The ultrafast laser of the embodiment of the invention has the beneficial effects that: compared with the prior art, on one hand, the mode locking mechanism is provided by the nonlinear amplification ring mirror 2, so that soliton mode locking can be realized, the cost is reduced, and the nonlinear amplification ring mirror 2 can bear high power, so that the long-term stability of a product is ensured; on the other hand, a tapered optical fiber is adopted as the first gain optical fiber 110, after the nonlinear amplification ring mirror 2 outputs the signal light, the signal light is input from the thin end of the first gain optical fiber 110 and then output from the thick end of the first gain optical fiber 110, in the process, the signal light is subjected to adiabatic amplification, and the single-mode characteristic can be maintained to obtain a high-quality light beam; meanwhile, the light spot of the signal light can be gradually enlarged, the mode field area of the optical fiber is increased along with the gradual enlargement of the light spot, the maximum energy which can be carried by each laser pulse in the output pulse laser is improved by utilizing the inhibiting effect of the tapered optical fiber on the nonlinear effect (such as stimulated Raman scattering, stimulated Brillouin scattering and spontaneous radiation amplification), the contradiction between the large mode field area and the beam quality in the amplification stage of the high-power large-pulse-energy ultrafast optical fiber laser is solved, and the ultrashort pulse laser (such as femtosecond pulse laser and picosecond pulse laser) with high energy, high power (micro-focus stage and watt stage) and strong single mode is finally output.
Specifically, in an embodiment of the present invention, with reference to fig. 1 and fig. 2, the beam combiner 120 includes a focusing lens 124 and a dichroic mirror 125, a light beam emitted by the first pump light source 130 passes through the focusing lens 124 and is reflected by the dichroic mirror 125, then passes through the focusing lens 124 and the first gain fiber 110 in sequence, the nonlinear amplification ring mirror 2 processes the light beam and outputs a signal light, and the signal light passes through the first gain fiber 110, the focusing lens 124 and the dichroic mirror 125 in sequence and outputs an ultrashort pulse laser.

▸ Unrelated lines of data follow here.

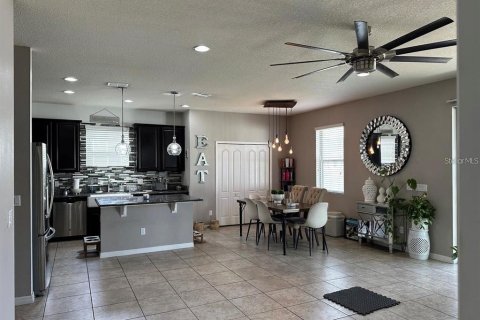 House in Orlando, Florida 4 bedrooms, 170.85 sq.m. № 2237125 - photo 3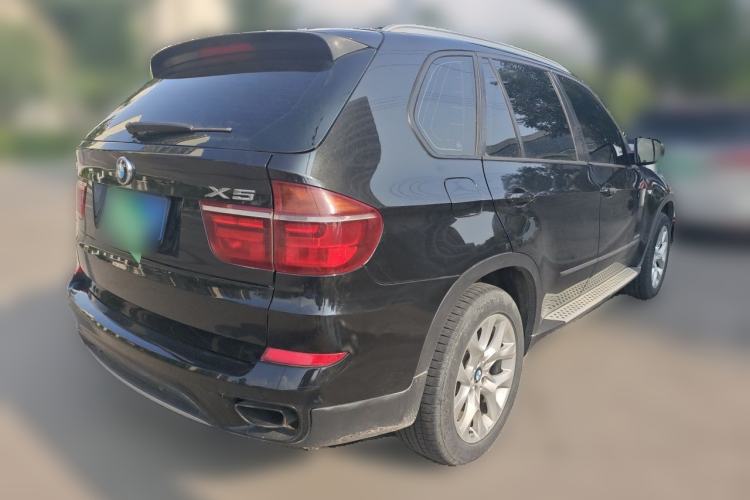 Used BMW X5 2011 xDrive35i Luxury Model Rear Right 45 Deg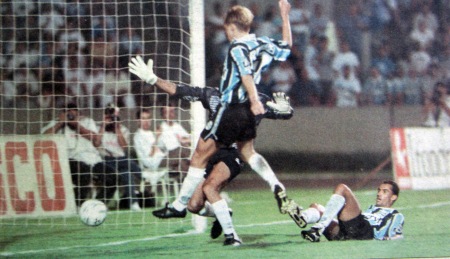 1997 Libertadores Gremio 2x0 Sporting Cristal gol paulo Nunes Mauro Vieira Zero Hora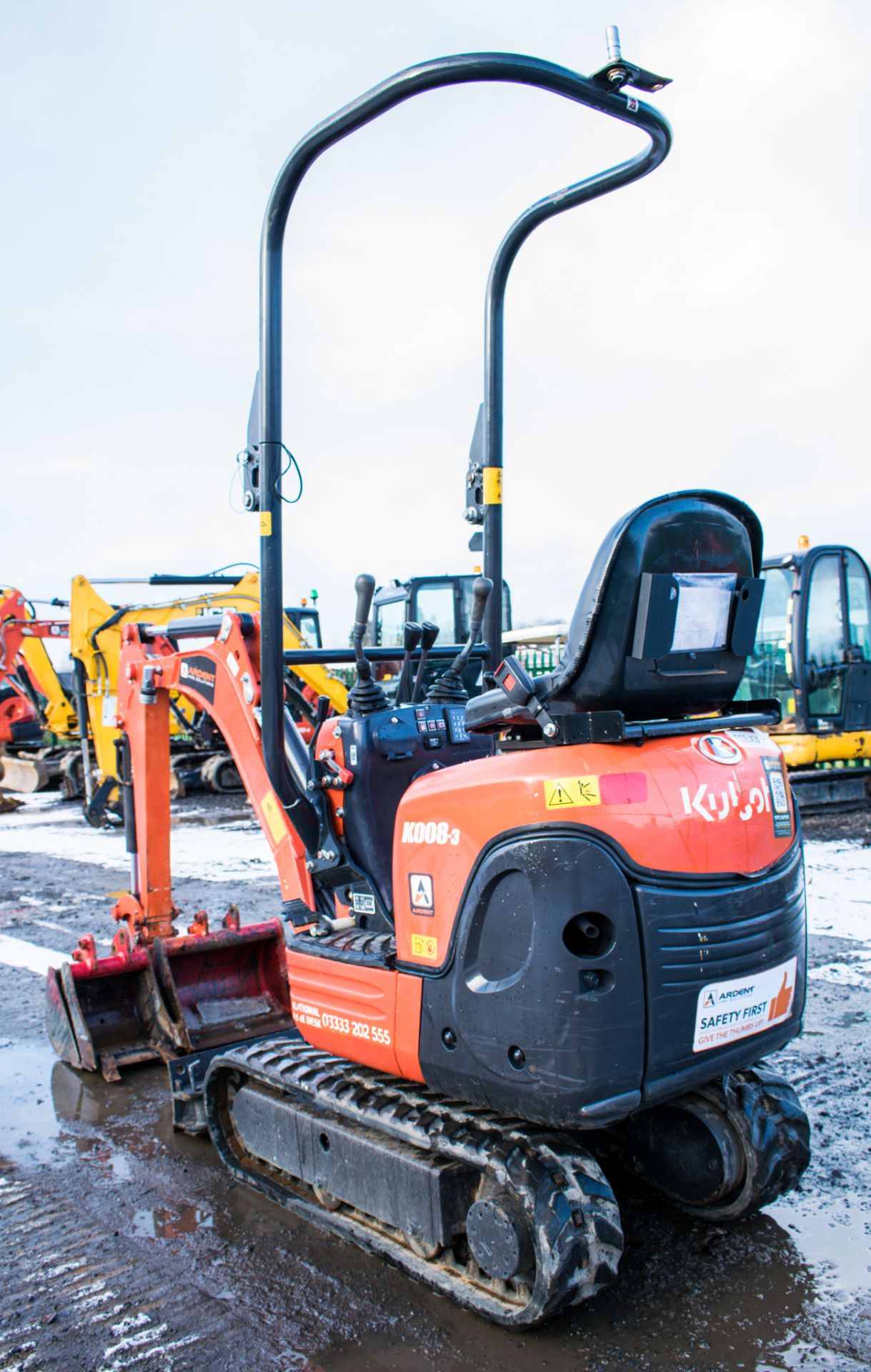 Kubota K008 - 3 0.8 tonne micro excavator - Image 3 of 12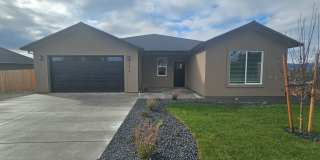 Amazing Views from This Brand-New House in River Ridge Subdivision Gallery 1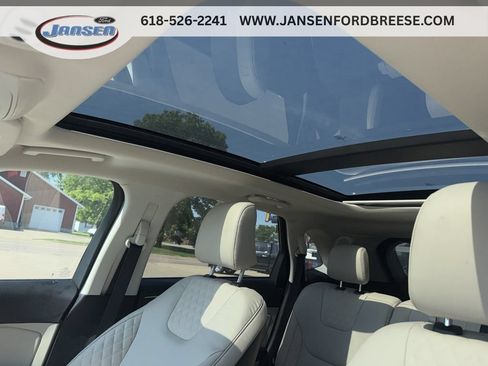 Used 2024 Ford Edge Titanium w/ Equipment Group 301A AWD/4WD image 15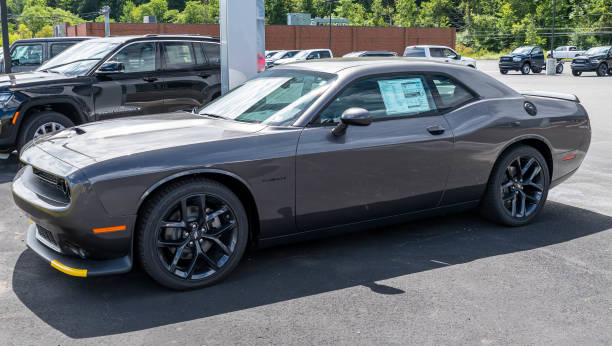 um novo dodge challenger cupê à venda em uma concessionária - used car dealership - fotografias e filmes do acervo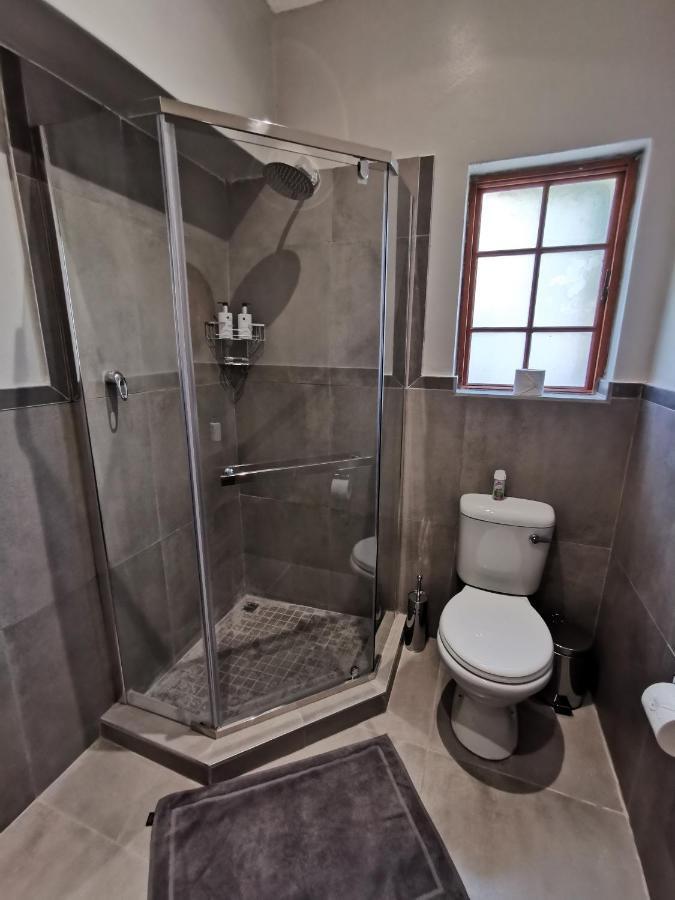 Guest Suites On Connor Bloemfontein Esterno foto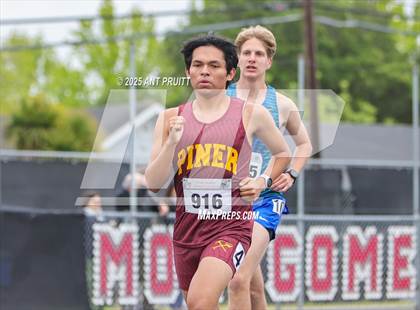 Thumbnail 3 in Bryan Bradley Viking Track Classic (1600m) photogallery.
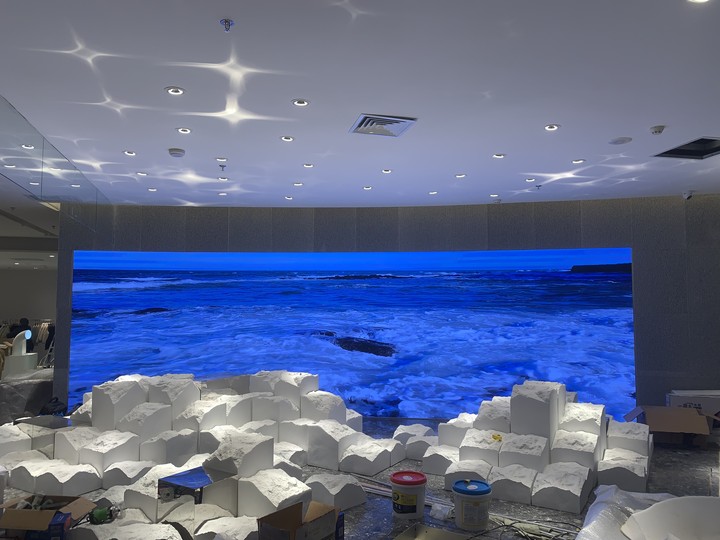 萬達廣場，弧形屏，P2.5,16.4平方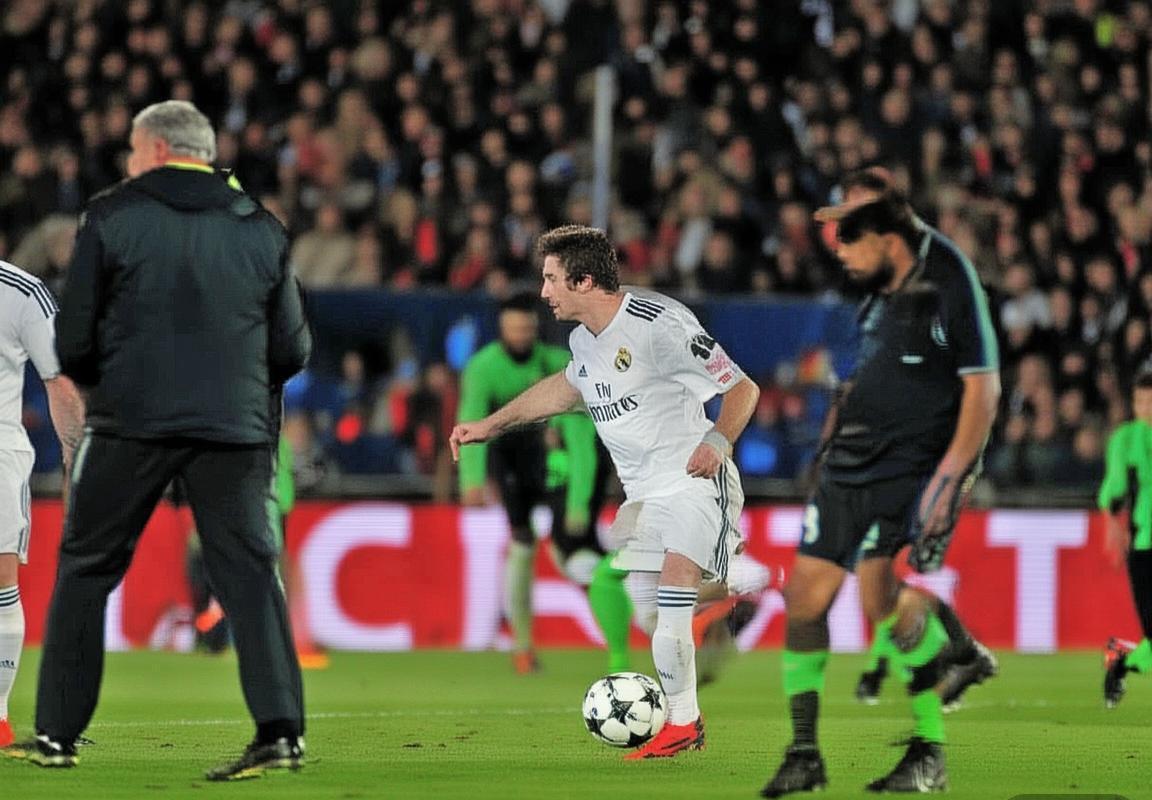 皇马欧冠小组赛出线形势告急，阿森纳强势领跑，皇家马德里背水一战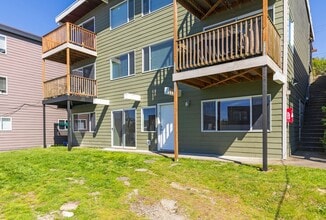 Building Photo - Sun-Filled 2BR/2BA Retreat w/ Split Layout, In-Unit W/D & Parking – Spacious 1,009 Sq Ft!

Specifically, the combiner 120 further includes a first sleeve 121, a second sleeve 123, and an end cap 122, the second sleeve 123 and the end cap 122 are sequentially disposed along an axial direction of the second sleeve 123, the first sleeve 121 is sleeved outside the second sleeve 123 and the end cap 122, and the end cap 122 specifically includes a quartz material, that is, the end cap 122 is a quartz material; the second sleeve 123 is sleeved outside the focusing lens 124 and the dichroic mirror 125, the dichroic mirror 125 is disposed on one side of the focusing lens 124 far away from the end cap 122, and the thick end of the first gain fiber 110 is connected to the end cap 122, so that the coupler 230, the first gain fiber 110 and the beam combiner 120 are sequentially connected.
As a preferred embodiment, end cap 122, focusing lens 124 and dichroic mirror 125 are coaxially disposed, and in this embodiment, first ferrule 121 is coaxially disposed with second ferrule 123 to ensure the coaxiality of end cap 122, focusing lens 124 and dichroic mirror 125.
Specifically, in an embodiment of the present invention, referring to fig. 1 and fig. 2, the ultrafast laser includes a pump fiber 140 having two ends respectively connected to the end cap 122 and the first pump light source 130, the pump fiber 140 is used for transmitting a light beam emitted by the first pump light source 130, the light beam emitted by the first pump light source 130 passes through the pump fiber 140, then is input to the beam combiner 120, and is reflected by the beam combiner 120, and the reflected light beam sequentially passes through the first gain fiber 110, so as to form a reverse pumping structure.
It can be understood that, according to the choice of practical situation, a forward pumping structure may also be formed, in which both ends of the pump fiber 140 are respectively connected to the thin end of the first gain fiber 110 and the first pump light source 130, and the light beam emitted by the first pump light source 130 directly enters and exits the first gain fiber 110 after passing through the pump fiber 140.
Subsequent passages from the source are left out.